■ **Input for this task**:
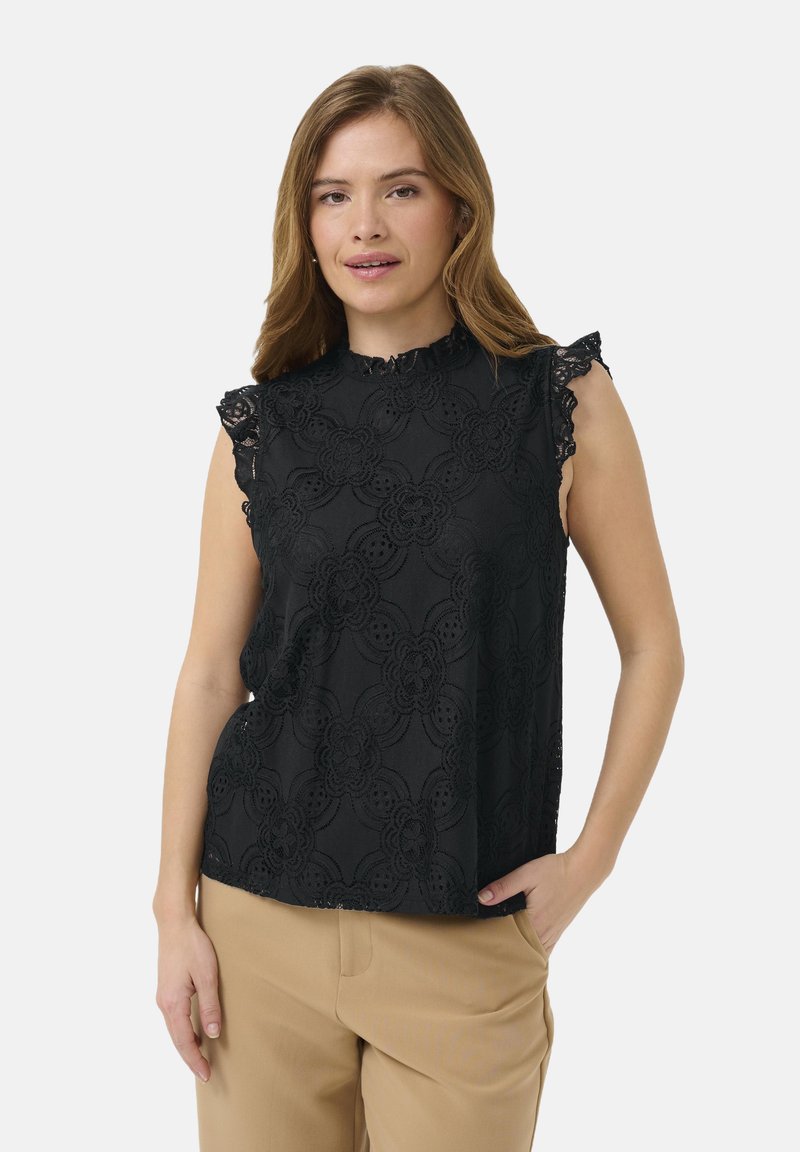 Črn brezrokavnik s čipkastim prelivom, cvetličnim vzorcem, nagubanimi rameni in visokim ovratnikom, v kombinaciji s bež hlačami.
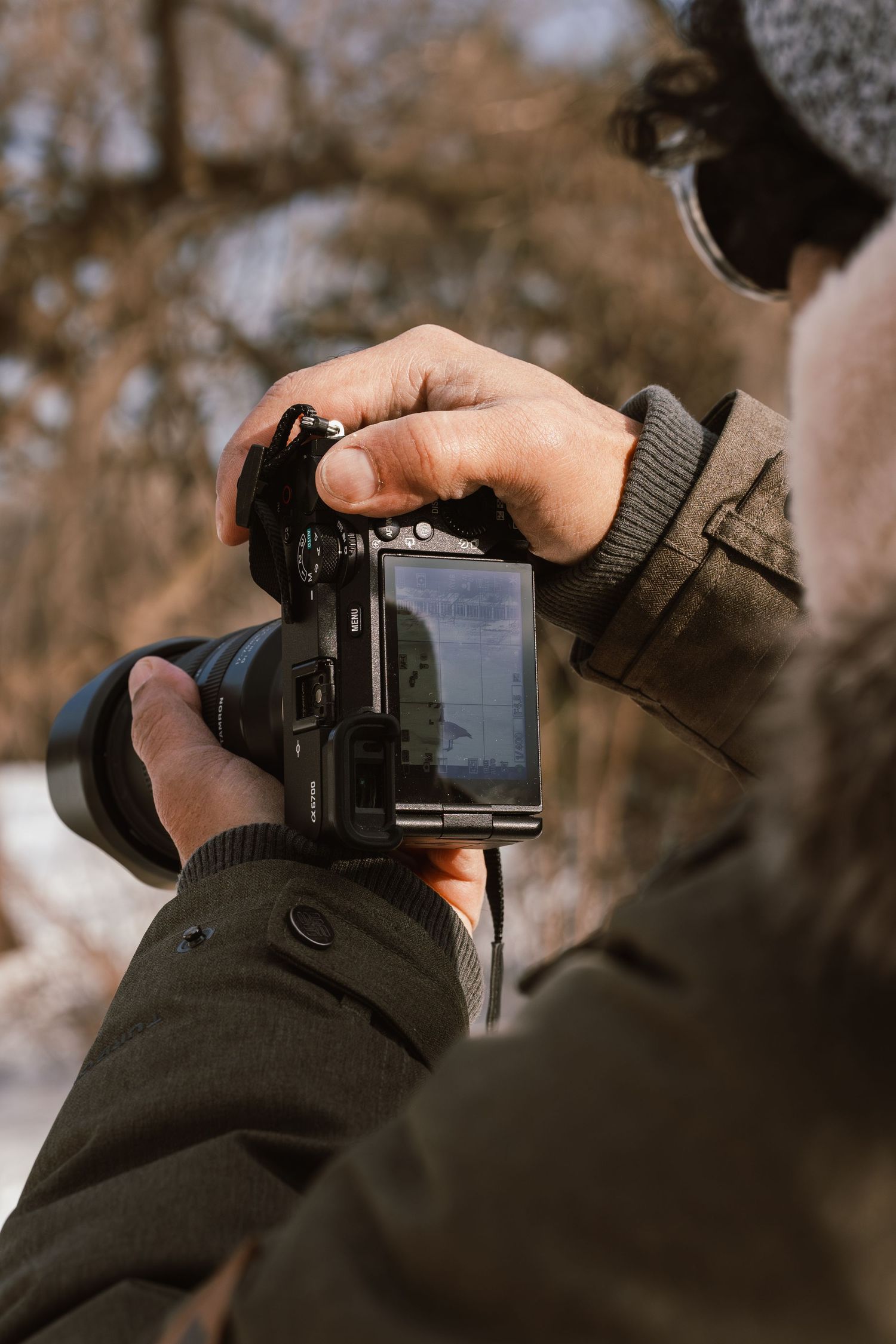 Man in winter jacket using a DSLR camera with articulating screen to photograph outdoors in snowy conditions.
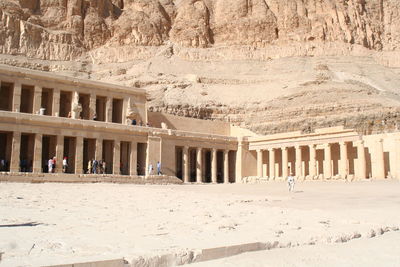 Group of people in front of historical building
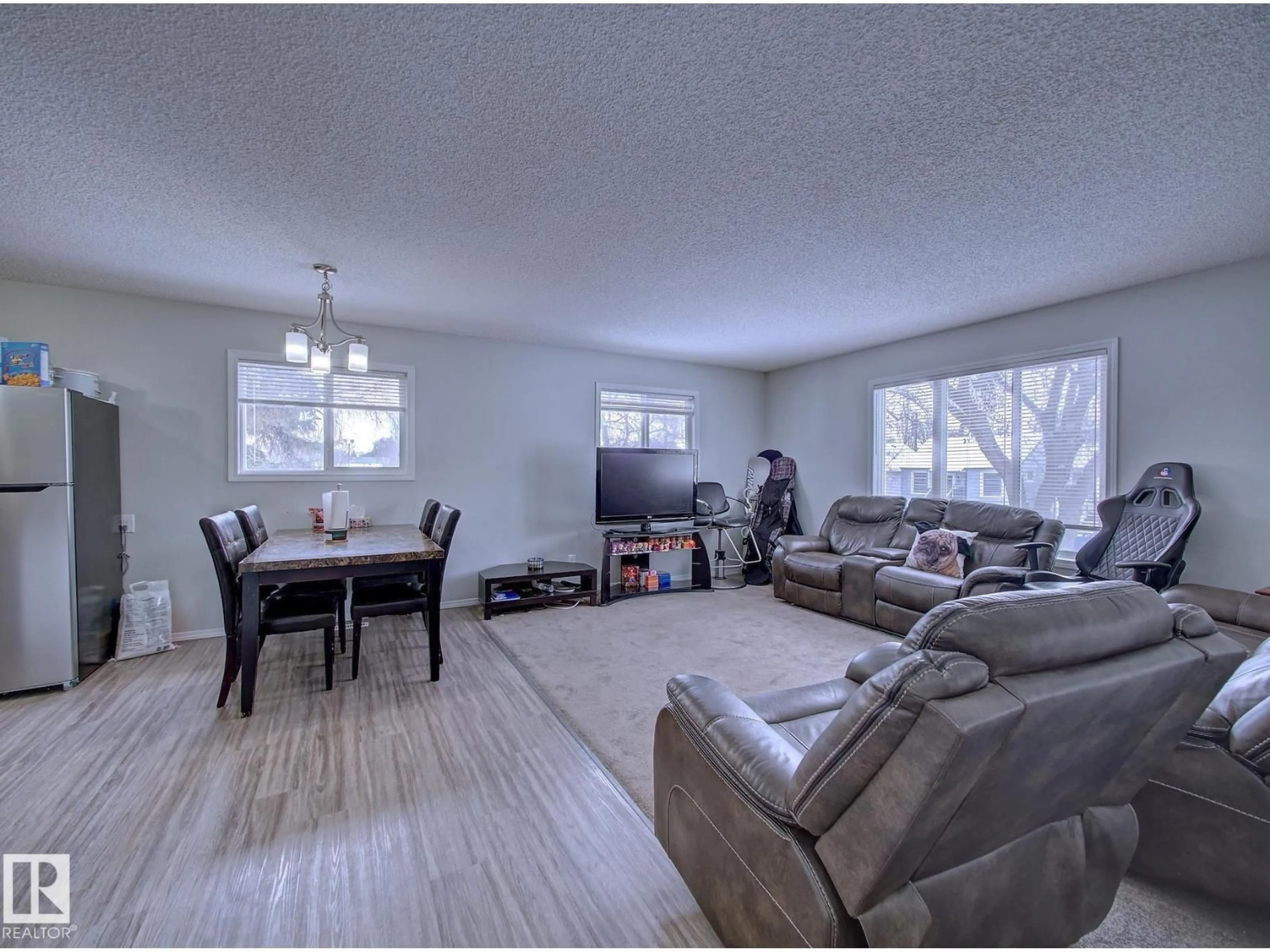 Living room with furniture, wood/laminate floor for NW - 11710 92 ST, Edmonton Alberta T5G1A3
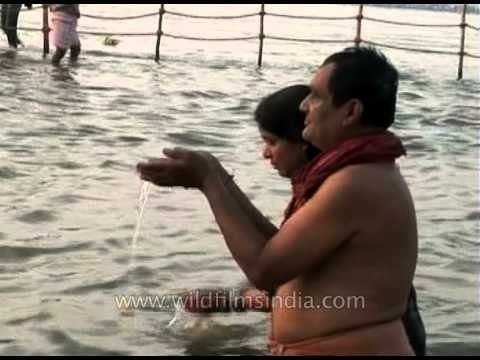 Devotees performing rituals of Holy dip during Ardh Kumbh Mela
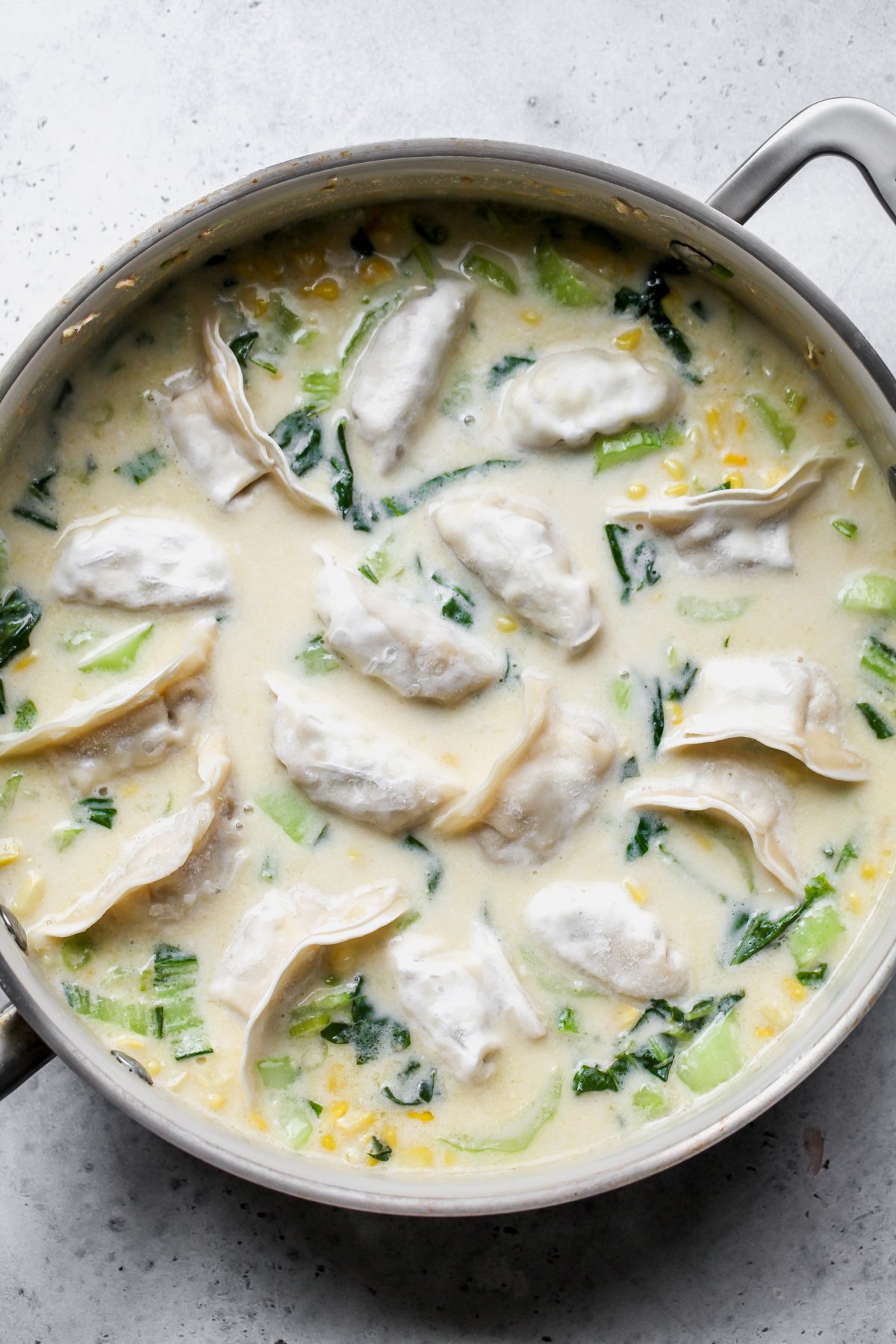 Frozen potstickers added to a pan of sweet corn coconut broth.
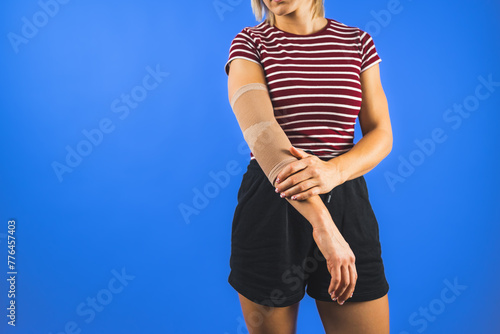a young woman wearing an elbow support brace over a blue background, trauma concept. High quality photo
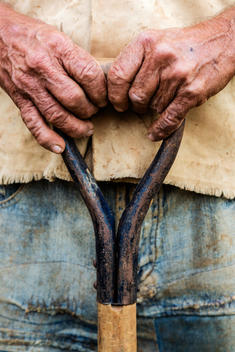 Close up of older man\'s hands holding shovel
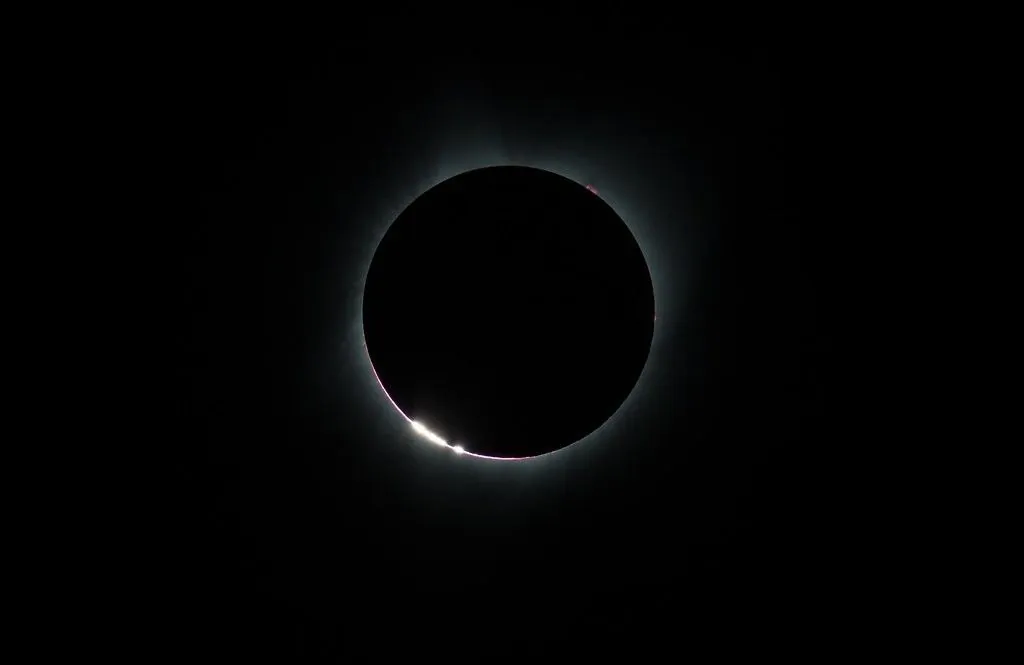 Sunlight passes through the Moon’s rugged terrain creating the Baily’s Beads effect during the total solar eclipse on Aug. 21, 2017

■ **Requirement**: Where the line with "Living room with" appears in the entries above, begin there and restate every line to the end word for word, minus the pictures.

■ **Answer to this exercise**:
 Living room with furniture, wood/laminate floor for NW - 11710 92 ST, Edmonton Alberta T5G1A3
 Devotees performing rituals of Holy dip during Ardh Kumbh Mela
 Frozen potstickers added to a pan of sweet corn coconut broth.
a young woman wearing an elbow support brace over a blue background, trauma concept. High quality photo
 Close up of older man\'s hands holding shovel
 Sunlight passes through the Moon’s rugged terrain creating the Baily’s Beads effect during the total solar eclipse on Aug. 21, 2017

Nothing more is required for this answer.